Why I am cautiously rejoining the ALP

Every citizen should be able to walk like a giant on this land.

 Every citizen should feel as if they have a stake in what happens, that they are a part of something and that they have a responsibility to participate, contribute and safeguard all that is good about Australia. The major political parties are closed shops and that is a very dangerous thing for our future. Any small opening must be seized upon if we are to progress.

For nearly ten years now I have been calling for the Labor Party to democratise.  (See the long list of links and papers in the downloadable pdf file below) Its been a difficult cause to advocate. In the early 2000s I like so many others  gave up and became disenchanted. From the statistics we know that thousands of Labor party members left to try to find something better.  Many joined the Greens.  Many have swung their support behind independent candidates. Many, like me, have just become stray political dogs.

In desperation for a party that truly reflected its members, I initially joined the Democrats. There was nothing more than a rump of the membership left.  I was disappointed that after their radical experiment, with members even voting on policy decisions taken in the parliament, there seemed to be an extreme counter reaction. When I joined the only people left were professional political minders and number crunchers who wanted to control things like other party officials did. It was a tragedy for the Democrats they simply needed to moderate some of their procedures, they threw the baby out with the bath water. But that’s another story, another analysis.

For those that think that all this was just plain crazy, reflect on this:  Labor’s primary vote was 33.6 per cent last month. Whether the Democrats, the Greens, independents or Nick Xenophon or some other constellation of power; Labor will need to either form a coalition, consult or take over the vote of this new large group of stray dogs to win office in its own right. Furthermore this rump of democracy also protects Australians from any excesses that the Liberal National Party might contemplate. So were we so wrong to leave the Labor Party? I think not. There have been some real disappointments. But the impetus forsmall  independent, democratic candidates in the parliament will only grow stronger.

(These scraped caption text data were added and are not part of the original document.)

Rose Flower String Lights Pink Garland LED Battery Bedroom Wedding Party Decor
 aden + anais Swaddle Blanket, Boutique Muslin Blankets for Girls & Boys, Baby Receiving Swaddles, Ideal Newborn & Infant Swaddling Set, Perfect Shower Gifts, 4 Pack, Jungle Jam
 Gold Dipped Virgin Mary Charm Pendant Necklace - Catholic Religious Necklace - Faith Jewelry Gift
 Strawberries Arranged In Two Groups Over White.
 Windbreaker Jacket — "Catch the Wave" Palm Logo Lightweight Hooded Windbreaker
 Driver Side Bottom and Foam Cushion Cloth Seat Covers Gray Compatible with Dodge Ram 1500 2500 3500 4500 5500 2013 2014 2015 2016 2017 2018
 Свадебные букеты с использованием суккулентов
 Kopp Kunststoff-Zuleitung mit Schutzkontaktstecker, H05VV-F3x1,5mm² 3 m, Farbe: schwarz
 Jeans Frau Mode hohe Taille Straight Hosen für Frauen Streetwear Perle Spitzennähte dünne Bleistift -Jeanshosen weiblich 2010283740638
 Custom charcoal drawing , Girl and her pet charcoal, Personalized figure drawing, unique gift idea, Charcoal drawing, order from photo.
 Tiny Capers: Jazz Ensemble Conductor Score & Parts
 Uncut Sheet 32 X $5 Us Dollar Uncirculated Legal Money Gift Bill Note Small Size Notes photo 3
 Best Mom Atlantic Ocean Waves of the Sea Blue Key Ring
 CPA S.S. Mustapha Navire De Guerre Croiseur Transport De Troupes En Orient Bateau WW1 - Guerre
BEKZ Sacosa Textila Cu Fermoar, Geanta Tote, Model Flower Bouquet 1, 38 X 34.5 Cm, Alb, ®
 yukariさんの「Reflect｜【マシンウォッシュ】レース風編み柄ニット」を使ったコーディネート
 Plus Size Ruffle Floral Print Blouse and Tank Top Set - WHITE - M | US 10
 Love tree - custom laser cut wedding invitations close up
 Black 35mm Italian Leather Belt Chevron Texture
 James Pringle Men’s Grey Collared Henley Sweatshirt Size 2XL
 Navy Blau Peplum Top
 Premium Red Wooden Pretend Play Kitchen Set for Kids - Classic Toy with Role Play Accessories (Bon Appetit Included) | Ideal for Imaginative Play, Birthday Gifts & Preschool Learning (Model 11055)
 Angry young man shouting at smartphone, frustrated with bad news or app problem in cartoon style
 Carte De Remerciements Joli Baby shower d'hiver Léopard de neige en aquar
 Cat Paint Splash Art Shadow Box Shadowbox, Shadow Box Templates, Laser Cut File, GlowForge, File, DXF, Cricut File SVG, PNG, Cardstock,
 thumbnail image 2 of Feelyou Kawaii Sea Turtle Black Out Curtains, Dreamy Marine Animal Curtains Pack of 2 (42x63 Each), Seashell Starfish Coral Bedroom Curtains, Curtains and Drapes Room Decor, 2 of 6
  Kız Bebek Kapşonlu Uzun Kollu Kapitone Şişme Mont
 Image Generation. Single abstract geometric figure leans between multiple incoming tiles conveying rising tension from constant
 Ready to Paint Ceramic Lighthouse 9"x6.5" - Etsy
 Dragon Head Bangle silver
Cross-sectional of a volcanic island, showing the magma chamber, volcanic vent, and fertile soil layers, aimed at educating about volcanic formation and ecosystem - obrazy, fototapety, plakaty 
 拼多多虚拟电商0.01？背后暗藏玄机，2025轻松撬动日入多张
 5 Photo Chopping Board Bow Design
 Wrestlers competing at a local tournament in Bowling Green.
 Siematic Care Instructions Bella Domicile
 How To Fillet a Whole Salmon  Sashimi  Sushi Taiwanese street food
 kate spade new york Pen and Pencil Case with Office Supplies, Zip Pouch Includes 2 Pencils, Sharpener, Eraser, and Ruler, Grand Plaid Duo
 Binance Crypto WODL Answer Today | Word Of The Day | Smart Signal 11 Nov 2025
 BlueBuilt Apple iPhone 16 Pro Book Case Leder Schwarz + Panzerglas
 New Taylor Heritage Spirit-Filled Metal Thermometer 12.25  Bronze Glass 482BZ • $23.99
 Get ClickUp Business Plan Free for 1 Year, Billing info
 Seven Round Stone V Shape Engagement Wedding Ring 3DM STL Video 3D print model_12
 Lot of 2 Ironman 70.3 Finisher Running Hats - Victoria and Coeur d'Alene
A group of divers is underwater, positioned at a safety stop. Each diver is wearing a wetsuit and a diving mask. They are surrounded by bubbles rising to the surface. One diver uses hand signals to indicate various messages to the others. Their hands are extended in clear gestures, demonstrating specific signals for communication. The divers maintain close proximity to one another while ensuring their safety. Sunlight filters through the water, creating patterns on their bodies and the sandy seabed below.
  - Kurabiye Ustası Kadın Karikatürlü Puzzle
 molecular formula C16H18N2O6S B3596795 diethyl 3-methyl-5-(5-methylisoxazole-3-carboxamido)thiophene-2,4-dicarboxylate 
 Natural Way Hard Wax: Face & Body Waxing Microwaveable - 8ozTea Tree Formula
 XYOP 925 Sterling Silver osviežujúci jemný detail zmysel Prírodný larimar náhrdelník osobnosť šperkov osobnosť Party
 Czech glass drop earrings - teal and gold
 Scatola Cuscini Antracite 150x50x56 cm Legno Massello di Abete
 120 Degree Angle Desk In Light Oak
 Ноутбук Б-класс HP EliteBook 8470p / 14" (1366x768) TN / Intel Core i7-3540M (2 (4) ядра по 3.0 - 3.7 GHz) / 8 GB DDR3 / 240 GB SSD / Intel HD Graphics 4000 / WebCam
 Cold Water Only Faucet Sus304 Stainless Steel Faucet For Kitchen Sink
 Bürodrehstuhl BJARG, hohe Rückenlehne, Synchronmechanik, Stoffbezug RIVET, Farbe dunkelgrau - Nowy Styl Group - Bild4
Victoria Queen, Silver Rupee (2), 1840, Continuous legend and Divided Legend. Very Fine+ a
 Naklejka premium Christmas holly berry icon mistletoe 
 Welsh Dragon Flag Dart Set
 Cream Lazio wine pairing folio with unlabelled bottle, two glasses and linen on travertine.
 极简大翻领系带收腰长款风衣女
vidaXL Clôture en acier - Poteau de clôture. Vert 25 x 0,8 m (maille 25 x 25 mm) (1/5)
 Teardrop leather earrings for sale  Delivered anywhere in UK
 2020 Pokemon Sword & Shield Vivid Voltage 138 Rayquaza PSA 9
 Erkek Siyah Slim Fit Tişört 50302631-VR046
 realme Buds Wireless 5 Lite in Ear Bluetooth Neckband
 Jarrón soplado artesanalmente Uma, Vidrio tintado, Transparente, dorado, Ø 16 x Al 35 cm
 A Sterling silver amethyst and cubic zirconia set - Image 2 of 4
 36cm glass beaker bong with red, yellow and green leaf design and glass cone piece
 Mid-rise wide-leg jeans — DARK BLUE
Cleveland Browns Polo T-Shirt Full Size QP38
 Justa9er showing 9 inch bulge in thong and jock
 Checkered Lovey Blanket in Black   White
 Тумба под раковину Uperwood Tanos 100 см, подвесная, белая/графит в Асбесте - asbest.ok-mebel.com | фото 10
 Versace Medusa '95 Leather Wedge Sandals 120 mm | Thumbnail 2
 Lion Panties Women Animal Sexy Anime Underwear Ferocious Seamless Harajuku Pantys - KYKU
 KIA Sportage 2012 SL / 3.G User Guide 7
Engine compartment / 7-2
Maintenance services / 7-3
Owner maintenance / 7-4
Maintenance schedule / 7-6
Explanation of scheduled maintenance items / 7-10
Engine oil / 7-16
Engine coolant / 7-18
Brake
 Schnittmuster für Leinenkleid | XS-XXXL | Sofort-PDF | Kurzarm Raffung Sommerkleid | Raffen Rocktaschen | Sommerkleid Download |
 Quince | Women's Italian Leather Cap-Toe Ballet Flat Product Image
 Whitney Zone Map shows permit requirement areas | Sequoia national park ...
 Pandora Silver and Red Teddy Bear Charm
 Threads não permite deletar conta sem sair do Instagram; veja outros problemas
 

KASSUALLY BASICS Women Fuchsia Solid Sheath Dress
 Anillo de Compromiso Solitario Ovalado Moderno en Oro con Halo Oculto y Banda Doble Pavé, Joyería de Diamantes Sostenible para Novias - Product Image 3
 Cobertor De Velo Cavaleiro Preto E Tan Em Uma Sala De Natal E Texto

There is a big role for independents and minor parties. Tony Windsor and Rob Oakeshot were a major disappointment. They simply became part of the Labor party and had a very short term objective. But the idea of independent candidates and parties remains valid and strong. Catherine McGowan’s campaign against Sophie Mirabella is an indication that if you run a real campaign based on real local issues you can unseat safe candidates of either of the political parties.

The main reason I am cautiously rejoining the Labor Party is to ensure that the corruption of our polity in Australia goes no further. Since I have been out of the Labor Party I have learned some very disturbing things about Australian politics. It may well be that the Australian polity is on the verge of being taken over by strong organised crime groups who use our parties as their play things. It is necessary to ensure that our biggest parties do not become fouled by corruption. If this happens being involved in minority parties and independents becomes an issue. Currently they only control 10-15 per cent of the vote it will be a long time before a small party or independent candidate can hope to form a majority government.